Capture de la page IG de Jean-Pascal Zadi - le 11 octobre 2025

En effet, cette capsule, lue avec la grille Karukerament, entretient le flou sur l’histoire de l’esclavage comme le cinéma français encourage à le faire alors que la véritable originalité se trouve dans la version longue intitulée “Le Jour d’après” disponible depuis juillet 2023 sur la chaîne Youtube de Studio Bagel. La majorité du sketch étant conventionnelle, j’avais décidé de ne pas en parler à l’époque.

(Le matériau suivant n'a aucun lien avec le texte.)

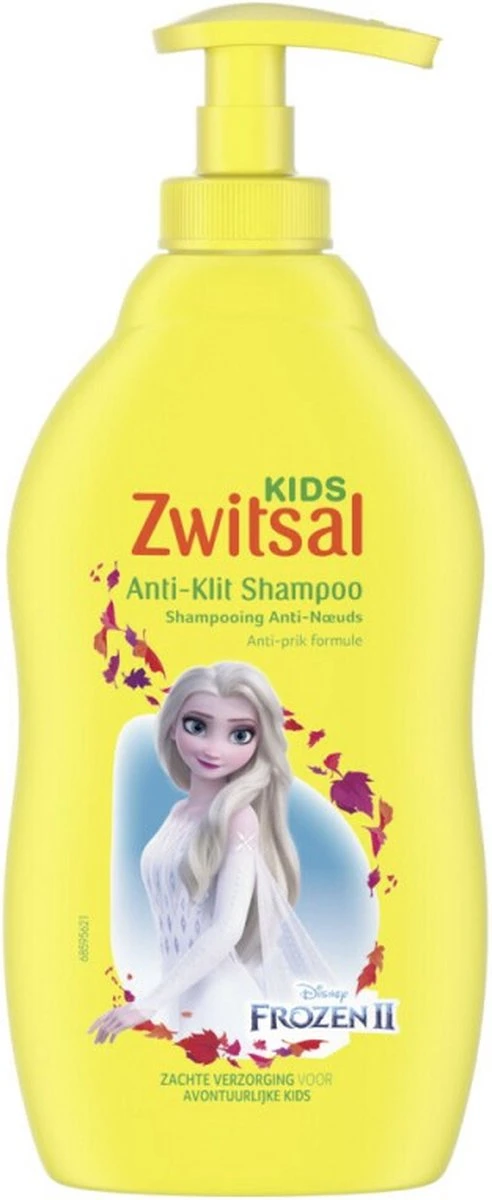 Zwitsal - Disney Frozen - Anti Klit Shampoo - 400ml 8 Zwitsal - Disney Frozen - Anti Klit Shampoo - 400ml - Afbeelding 6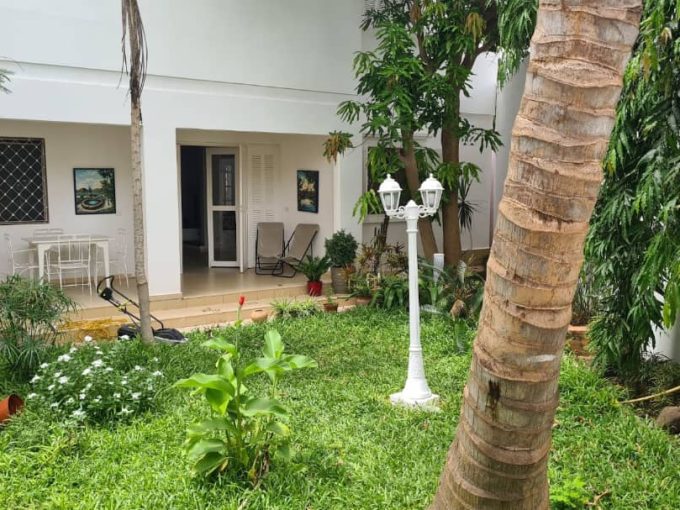 Villa Meublé à Dakar a Sacré cœur 1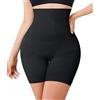 Gotoly Pancera Contenitiva Donna Pancia Piatta Guaina Contenitiva Mutande Contenitive A Vita Alta Intimo Contenitivo Modellante Snellente Body Shaper Senza Cuciture (Nero, L)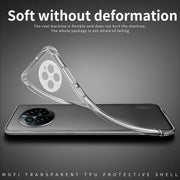 For Realme 12 Pro/ 12 Pro+ MOFI Ming Series Ultra-thin TPU Phone Case(Transparent)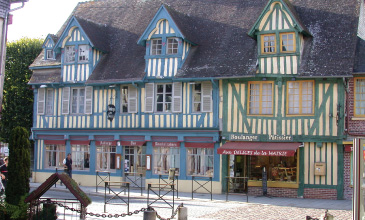 Eco-Domaine du Lac - Pierrefitte en Auge : Pont L'Evêque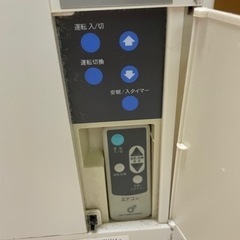 商談中。窓用エアコンの画像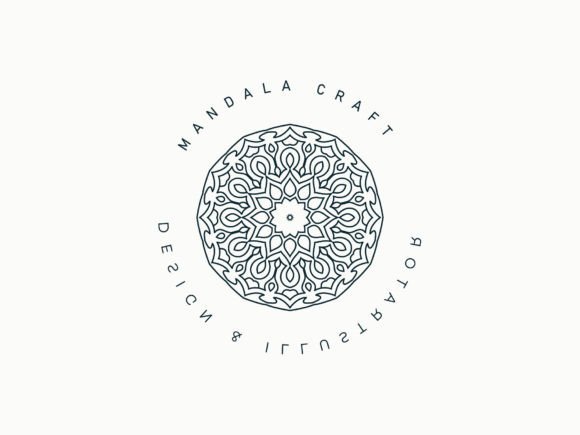 Download Nature Mandala Logo Vintage #23 - Nature Collection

Néanmoins, quand je vois que cet extrait cumule plus de 39 mille likes en 24 heures avec des félicitations et des remerciements de mettre en lumière un fait “inconnu”, je me dis qu’il est important de garder une trace sur la façon dont on peut manipuler le récit sur l’esclavage sous couvert de transmettre une histoire qui soi-disant est gardée dans l’ombre. Avec la grille Karukerament, je vous propose une analyse succincte comparative entre la version courte Instagram et la version longue Youtube.

La version Instagram avec le regard Karukerament

La contextualisation temporelle : de quelle abolition parle-t-on ? L’abolition de 1848 n’est pas l’abolition de 1794. Le contexte politique n’est pas le même. Nous sommes dans le flou. 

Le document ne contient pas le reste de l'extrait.